Cette génération est après tout issue de son environnement : parents absents remplaçant l’affection par ce que l’on peut offrir de meilleur, notamment les technologies nomades. Jeux vidéo à partir de 4 ans, Skyblog à partir de 8 ans et téléphone mobile à 10 ! Nous ne parlons plus d’informatique mais de monde digital dans lequel tout va très vite. Je crée un blog selon mon humeur du moment et j’utilise Internet non pas comme un outil d’information mais un moyen d’expression, de rencontre, de création et d’évasion.

En entreprise, un comportement inédit

Et de même que la « gen Y » ne compte pas voir sa créativité asséchée par le formatage du parcours scolaire, elle ne compte pas non plus subir l’autorité d’un patron. Elle exige de travailler AVEC et jamais POUR quelqu’un. La guerre des talents a commencé et elle sait qu’il est tout à fait possible de réussir sans avoir de bonnes notes à l’école. Ses modèles sont Kamini ou Steve et Chad, les fondateurs de YouTube, des personnes qui ont prouvé une fois pour toutes que le succès était dans l’originalité et pas dans le bulletin de notes…

La prise de conscience à cette évolution des mœurs a été longue en France mais le sujet commence à rencontrer son public parmi les dirigeants et managers. Les pays anglophones ont déjà toutes sortes d’études sur le sujet. Vous trouvez ces jeunes salariés arrogants et instables ? Imaginez travailler dans un pays où le taux de chômage est autour de 4 % et dans lequel il est possible de changer d’emploi en quelques semaines ! Les mots « fidélisation », « bien-être » et « écoute » prennent alors tout leur sens. Et si vous persistez à penser que c’est de l’énergie perdue que de devoir s’adapter à ces jeunes salariés au cas par cas, réfléchissez un moment. Qui est en première ligne face à vos clients ? Qui pourra remplacer votre collaborateur promu pour prendre le poste de celui qui vient de partir à la retraite ? Oui, sans nul doute un membre de la génération Y.

Alors c’est perdu d’avance ? Sommes-nous condamnés à les voir rester dans notre entreprise uniquement pour des gratifications de court terme avant de passer à autre chose, sans jamais s’engager réellement ? Non : tout est possible, mais c’est à vous de vous rendre sur leur terrain. Ils ne viendront pas sur le vôtre. Surtout si vous êtes de la génération des baby-boomers qu’ils estiment responsable de l’état de la planète, du changement du climat et de la situation économique de la France.

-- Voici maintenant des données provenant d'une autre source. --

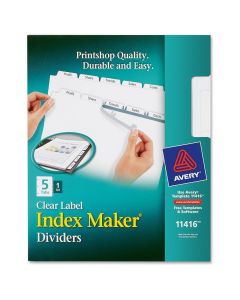 Avery Tab Dividers Clear 5  Index Maker Use with Laser/Inkjet   11416 ea-set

Très concrètement, comment les manager ?

Voici quelques méthodes concrètes que vous pouvez mettre en place… sans attendre :

»  Recrutez sans le CV. Nous entrons dans l’air de la motivation et des valeurs. Il s’agit de recruter celui qui veut, plus celui qui peut.
»  Soyez créatif dans vos méthodes de management, communication et évaluation.
»  Assurez la transparence de vos procédures de recrutement et d’évaluation de la performance.
»  Proposez une formation d’intégration mettant en scène la société pour rassurer les jeunes salariés sur le fait que la toute puissante entreprise ne va pas les manger et le patron s’enrichir sur leur dos.
»  Communiquez votre feedback en flux RSS. Immédiatement, pas dans 3 mois.
»  Proposez une expérience de vie et pas seulement un emploi !
»  Proposez des primes de cooptation alléchantes pour rassembler la tribu de vos salariés.
»  Donnez de réelles responsabilités : « Je veux Z, bonne chance ! » et pas « Si tu sais faire A correctement, je te donnerai B à faire, puis C, puis… »
»  Ecoutez les idées. Plus que jamais l’expérience n’attend pas le nombre des années.
»  Tous patrons. Organiser des équipes projet avec des responsabilités tournantes.
»  Faites confiance. Donner le but et le délai, pas une montre.
»  Parlez court terme et prime immédiate. L’avenir ? C’est dépassé.

En aucun cas je n’encourage à attirer, recruter, diriger ou motiver les salariés selon leur âge. Diviser la population en générations revient à étudier la diversité selon un angle particulier mais ce n’est pas le seul. Il ne s’agit surtout pas de minimiser l’importance de tous les autres éléments qui font qu’un homme est un homme tels que personnalité, valeurs, culture, centres d’intérêt, religion, structure familiale, provenance géographique, appartenance ethnique, handicap, etc. Je m’arrête ici pour ne pas franchir la limite entre « diversité » et « complexité ».